● **Recorded data**:
#####
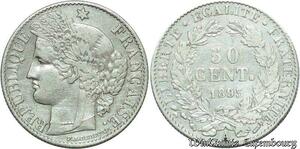 S2141 France 50 Centimes Cérès 1895 A Paris Argent Silver ->Faire Offre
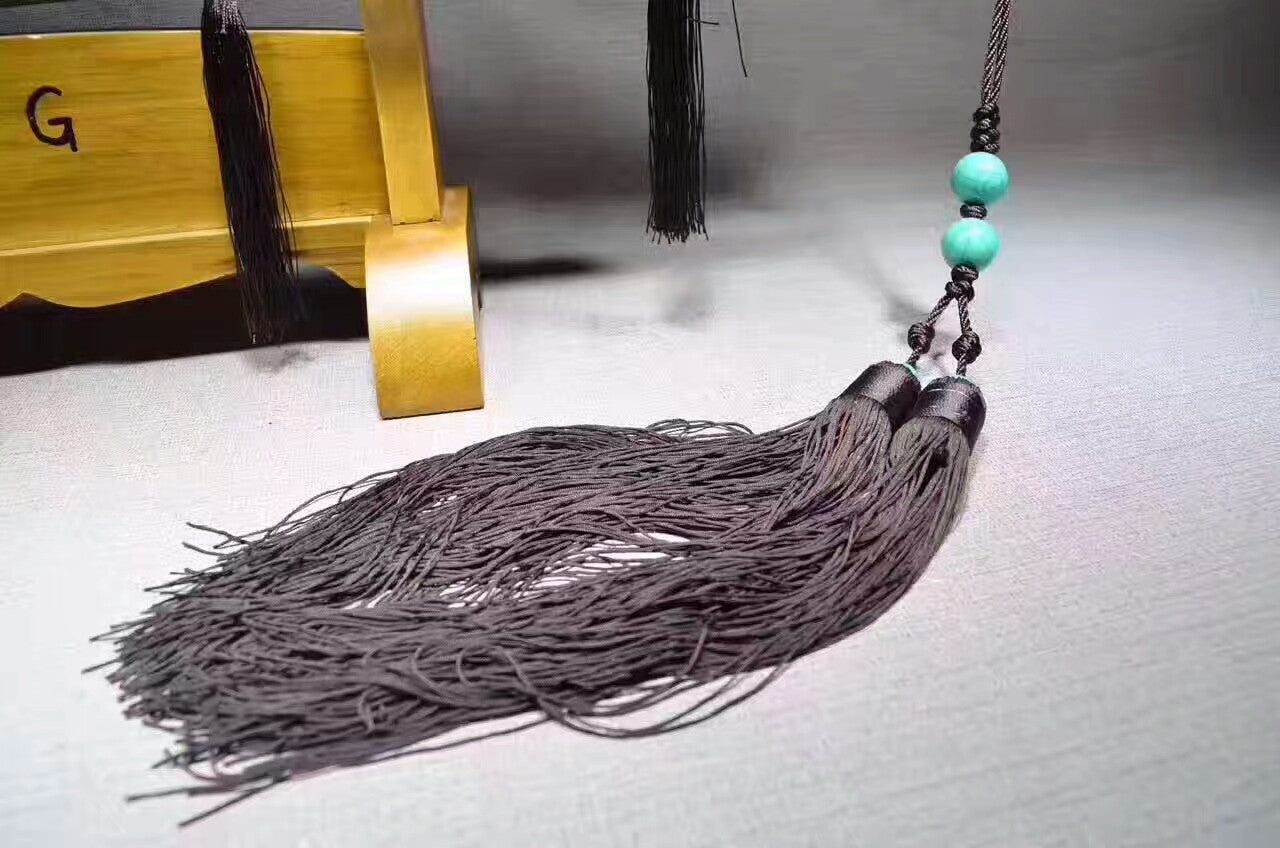 Qin jian sword(High carbon steel blue blade,Black wood,Alloy) - Chinese sword shop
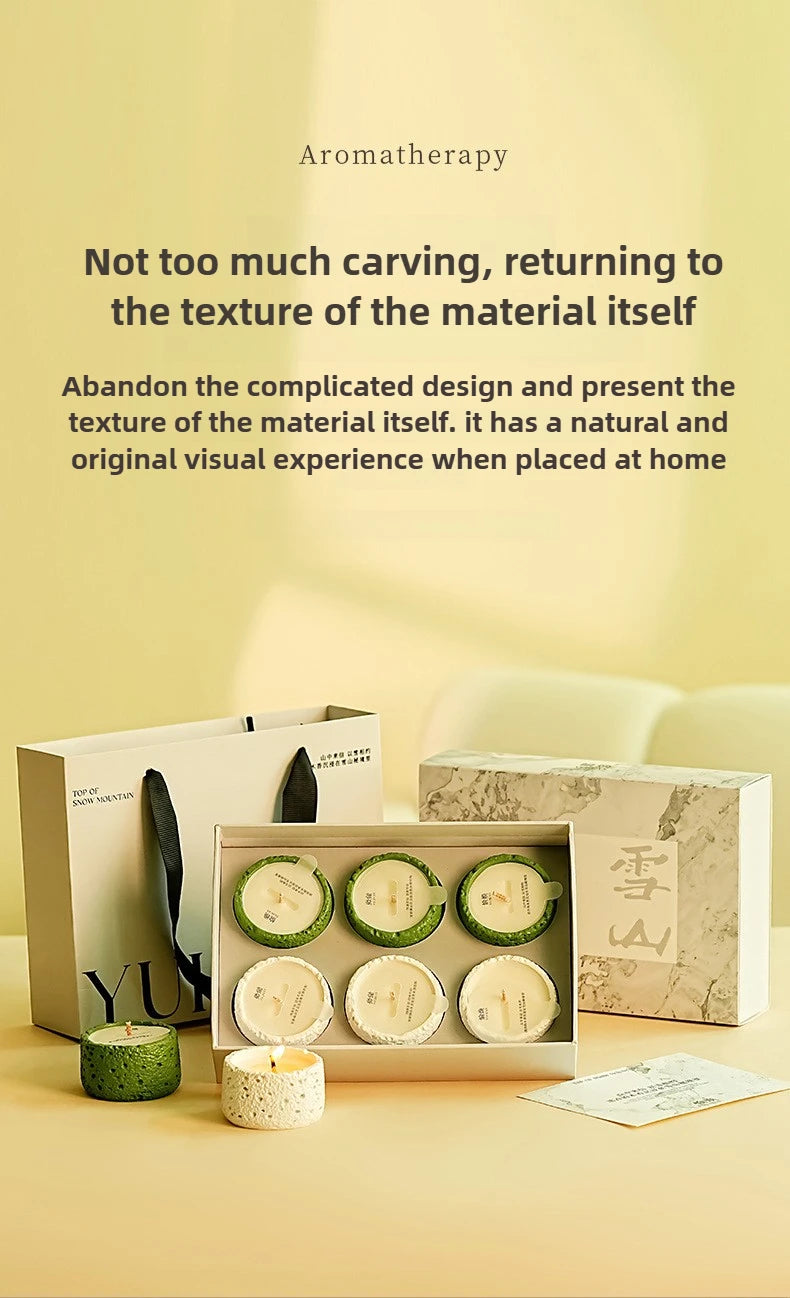 Premium Aromatherapy Scented Candles - Handmade Soy Wax Candles for Relaxation and Home Decor - Long-Lasting Fragrance ﻿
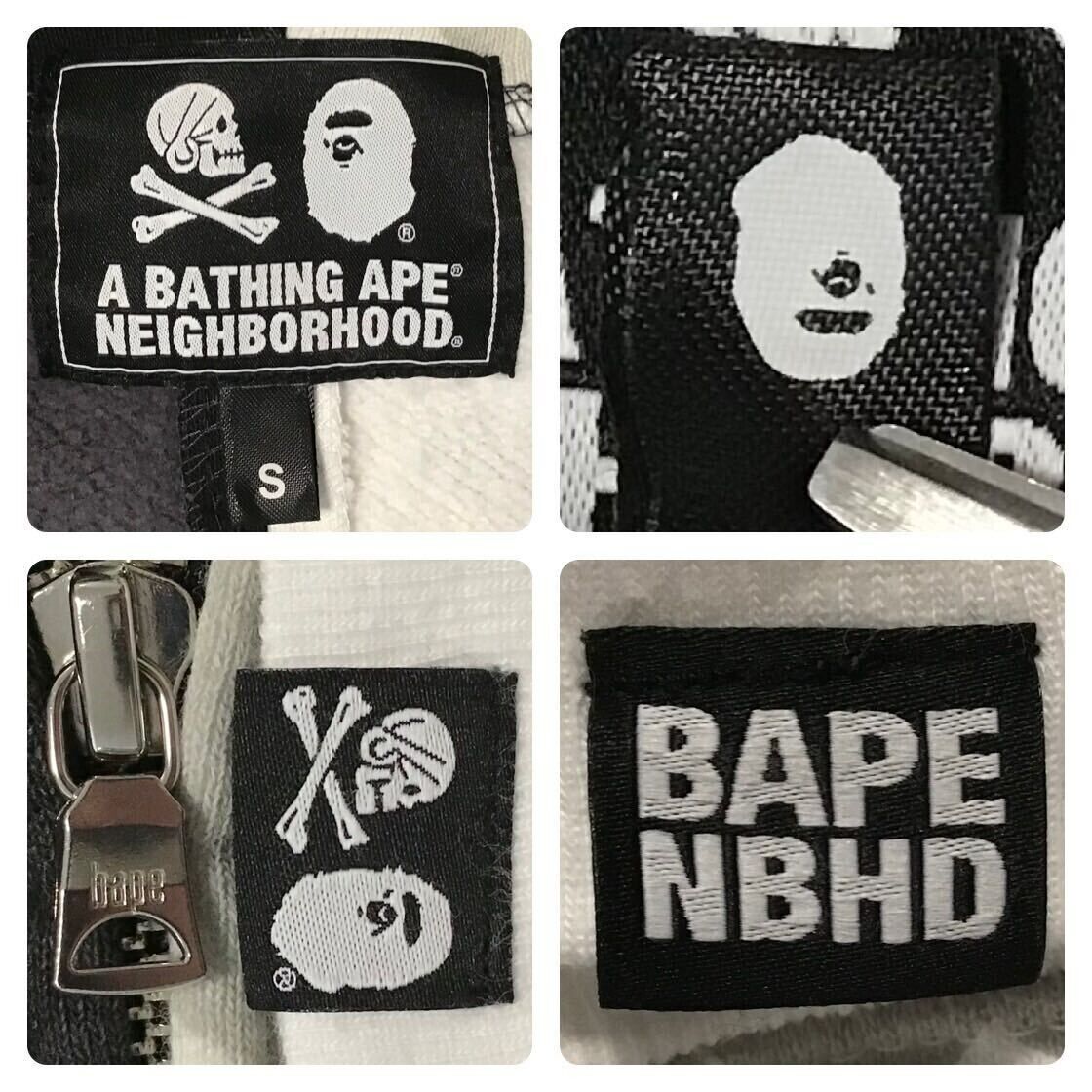 NEIGHBORHOOD × BAPE camo Shark full zip Hoodie A Bathing Ape NEIGHBORHOOD × BAPE camo Shark full zip Hoodie A Bathing Ape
#####
● **Problem requirements**: Give an exact copy of the data, and omit any pictures it holds.

● **Answer box**:
 S2141 France 50 Centimes Cérès 1895 A Paris Argent Silver ->Faire Offre
 Qin jian sword(High carbon steel blue blade,Black wood,Alloy) - Chinese sword shop
 Premium Aromatherapy Scented Candles - Handmade Soy Wax Candles for Relaxation and Home Decor - Long-Lasting Fragrance ﻿
 NEIGHBORHOOD × BAPE camo Shark full zip Hoodie A Bathing Ape NEIGHBORHOOD × BAPE camo Shark full zip Hoodie A Bathing Ape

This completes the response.